Pictures do not belong in the copy. Write out exactly the lines from the one containing "Robe longue fluide" through the end of the data.

——

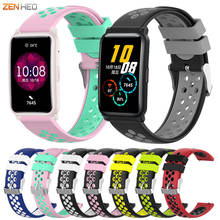 Ремешок силиконовый для Huawei Honor Watch ES 20 мм, сменный Браслет Для Xiaomi Haylou LS02/Amazfit Bip S 2024 - купить недорого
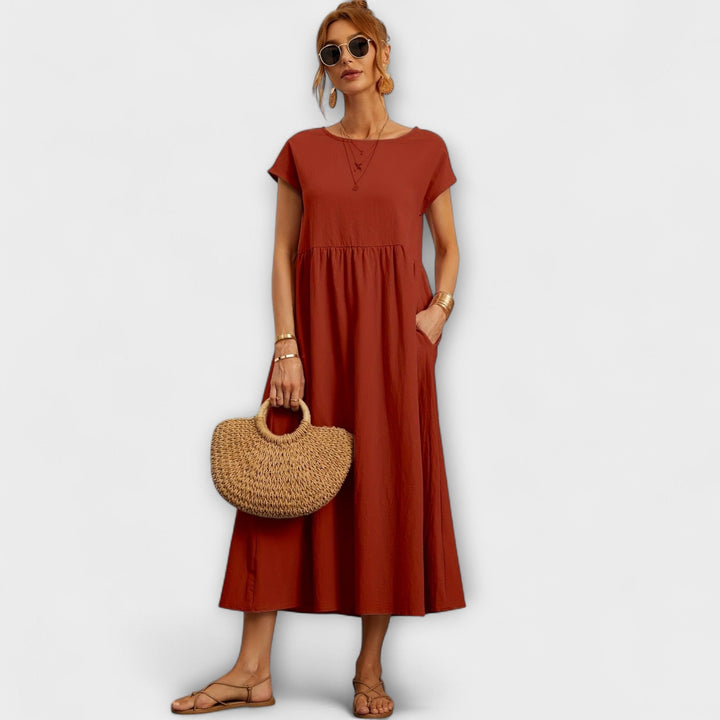 Robe longue fluide | Confort et élégance au quotidien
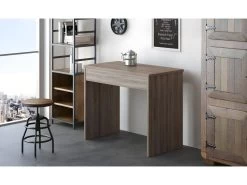 Table Console Extensible Avec Rallonges, Jusqu'a 300 Cm, Chene Fonce Brosse 8 Table Console Extensible Avec Rallonges, Jusqu'a 300 Cm, Chene Fonce Brosse -Vous savez quand c'est un magasin de meubles. table a manger 10035769
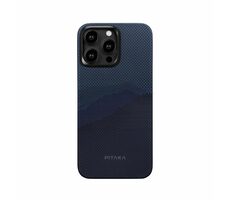 Pitaka StarPeak MagEZ 4 Schutzhülle für Apple iPhone 15 Pro Max blau 
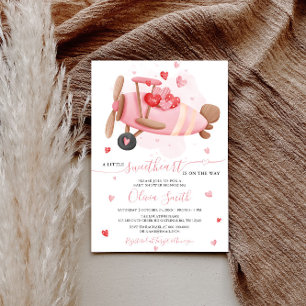 Little Sweetheart Pink Valentine Baby Shower Invitation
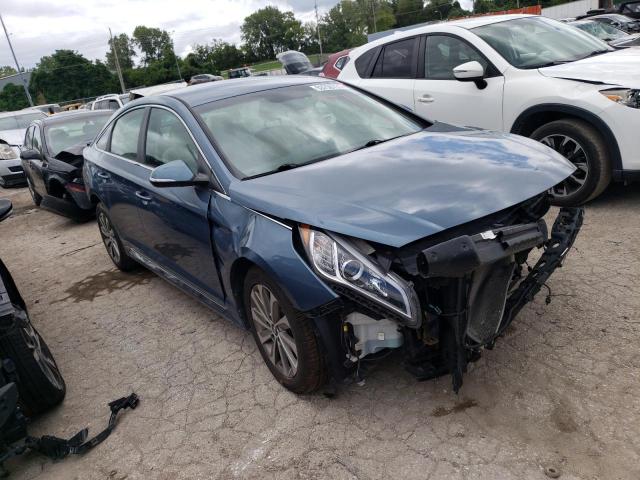 Photo 3 VIN: 5NPE34AF5FH100646 - HYUNDAI SONATA SPO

——

**Result for this exercise:**
 Robe longue fluide | Confort et élégance au quotidien
 Table Console Extensible Avec Rallonges, Jusqu'a 300 Cm, Chene Fonce Brosse 8 Table Console Extensible Avec Rallonges, Jusqu'a 300 Cm, Chene Fonce Brosse -Vous savez quand c'est un magasin de meubles. table a manger 10035769
 Pitaka StarPeak MagEZ 4 Schutzhülle für Apple iPhone 15 Pro Max blau 
 Little Sweetheart Pink Valentine Baby Shower Invitation
 Photo 3 VIN: 5NPE34AF5FH100646 - HYUNDAI SONATA SPO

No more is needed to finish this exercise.